Here are some basic considerations for choosing a shelter design:

Siting. When choosing the location for your shelter look for a high, well-drained area. Don't build in a low or wet area. Check soil types. Gravelly soils are better drained and usually are good locations for buildings and confinement areas. Loamy soils are best used for pastures. Stay as far away as possible from creeks, wetlands, or ditches (especially those with water.) Watch so hills or sloping ground behind or near your structure doesn't drain into it. Be sure to locate the shelter facing away from the prevailing weather patterns so that your horse can get protection when the winds howl. Shelters, barns and areas such as manure storage should be located at least 100’ away from wellheads. If you are on a septic system, know where your drainfield is located and don’t place structures or paddocks over them. 

Flooring. Floors in shelter should be dry and level. I like rubber mats on top of 6 inches of packed crushed rock. This soft, even surface is excellent for a horse to stand on, can be swept off for a horse to eat on. plus it is so easy to clean. 

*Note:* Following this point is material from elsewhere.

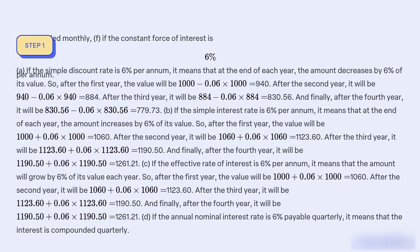But if the simple interest rate is 6% per annum, it means that at the end of each year the amount increases by 6% of its value. So, after the first year the value will be $1,000 + 0.06 × 1,000 = $1,060. After the second year it will be $1,060 + 0.06 × 1,060 = $1,123.60. After the third year it will be $1,123.60 + 0.06 × 1,123.60 = $1,190.50. And finally, after the fourth year it will be $1,190.50 + 0.06 × 1,190.50 = $1,262.21.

Walls. These should be strong, smooth, free of projections, at least eight feet high and extend to the ground so a horse cannot get its legs caught underneath when laying down. Avoid sharp edges or corners, as well as square posts which can scrape. Be aware of metal edges and corners which can easily cause a serious injury to a horse (or human!)

Stall size. A minimum of 10’ x 12’ is recommended for one horse, 10’x10’ for a small horse or pony. For two horses, depending on their temperament and compatibility, 12’ x 16’ might work fine. When housing more than one horse in the same shelter, provide enough space to minimize injuries. Timid or less aggressive horses can easily become trapped by a dominant horse in small, enclosed areas or corners.

Accessibility -- for people and vehicles. Is there a year-around road or drive-way to your barn or shelter? You will need access by folks such as the vet and farrier as well as for hay or other deliveries, or potentially emergency vehicles.

Chore efficiency. Can deliveries be made without moving horses? Can horses be fed without walking through pastures or paddocks? Are aisle ways and paths are wide enough for wheel barrows, tractors or other equipment?

Utilities.  Are you planning to bring power or water to your shelter?  Investigate the feasibility for each.

Feed storage. In the past we’ve used a large-ish closet or small storage shed for keeping hay and grain dry. Hay needs to be kept dry, out of the sun and weather. Store it off the ground or cement on pallets with 4"-6" space between stacks (for ventilation and rodent habitat reduction.) Store grain in rodent-proof metal containers (such as trash cans with lids) and keep them well-away from the possibility that your horse could get into it. If you are short on space a simple alternative is to store the grain in your home or garage.

Feeding areas. It is most natural for a horse to eat with its head lowered which aids in clearing its respiratory system. Feed on a clean, dirt-free rubber mat, in a manger or a similar feeder.

County, city or local regulations. Be sure to check with zoning and building codes before you start on your project. Community considerations are also important as odors, dust, flies and noise can bother neighbors and in the long run it's easier to avoid complaints. 

Additionally, there might be local considerations such as unique weather patterns. For example in our local we can experience high winds and winter snow loads. Be sure to seek design help if that’s an issue.

Anyone have issues or questions on shelters – or suggestions of designs that have worked for them? I’d love to hear your thoughts.